§ **THE PROBLEM**
Pictures must not appear; the answer is exactly the lines from the one that holds "Jean Neron Laguiole" through the end of the material.

(DATASET SECTION)

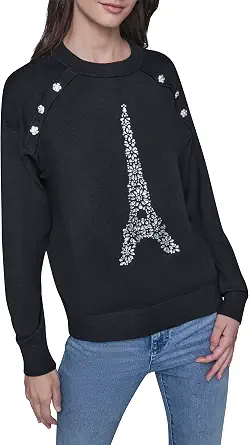KARL LAGERFELD Women's Long Sleeve Crew Neck Bejewled Eiffel Tower Sweater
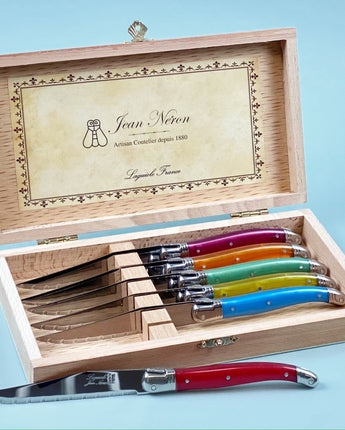 Jean Neron Laguiole Set of 6 Steak Knives in Presentation Box • Rainbow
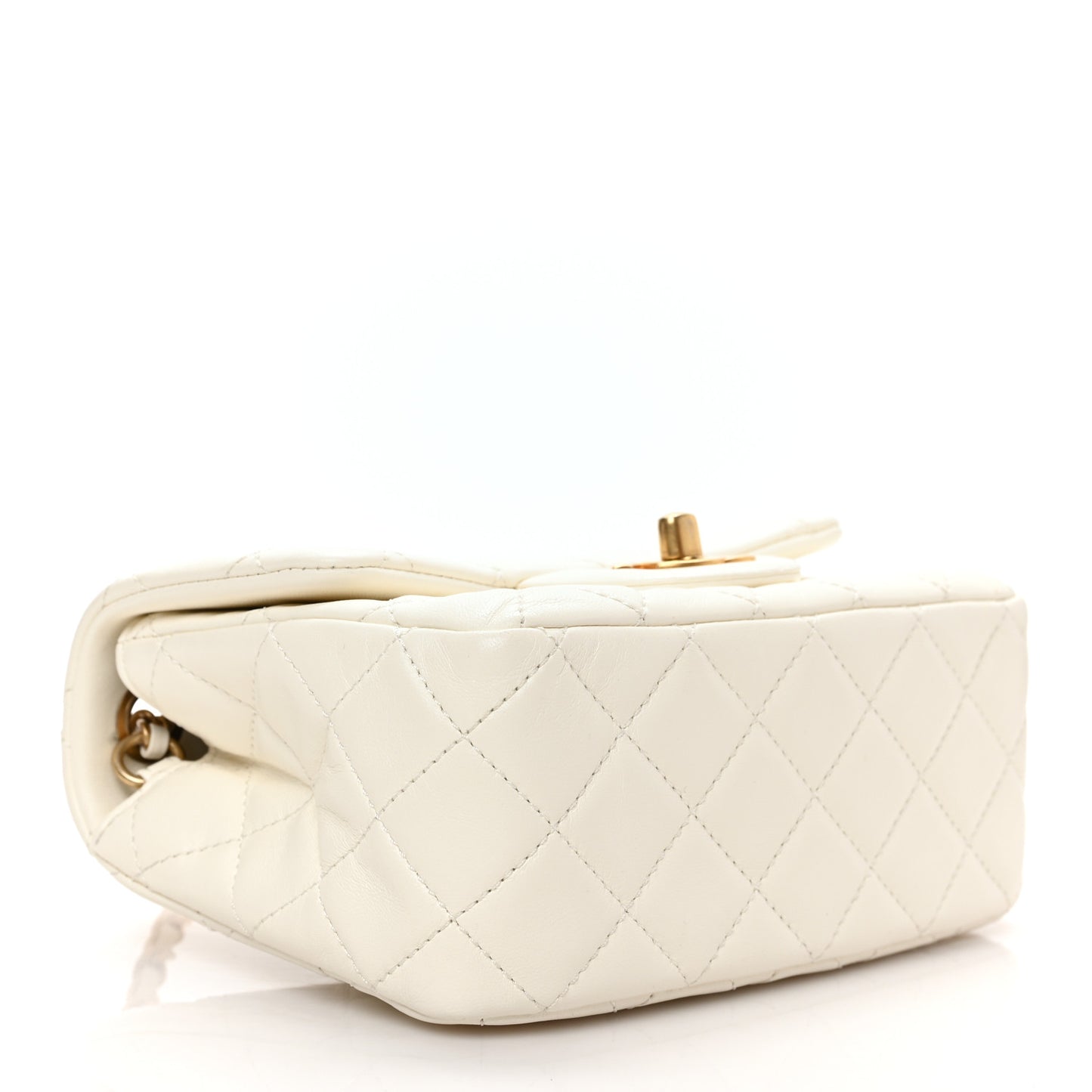 Lambskin Quilted Mini Pearl Crush Flap White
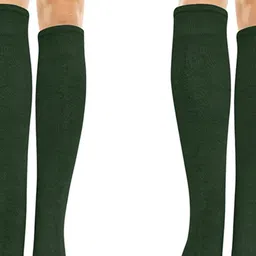 MUKHAKSH 2 Pairs Girl's Green Knee Length Socks-image-98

(End DATASET SECTION)

§ **SOLUTION TO THE PROBLEM**
 Jean Neron Laguiole Set of 6 Steak Knives in Presentation Box • Rainbow
 Lambskin Quilted Mini Pearl Crush Flap White
 MUKHAKSH 2 Pairs Girl's Green Knee Length Socks-image-98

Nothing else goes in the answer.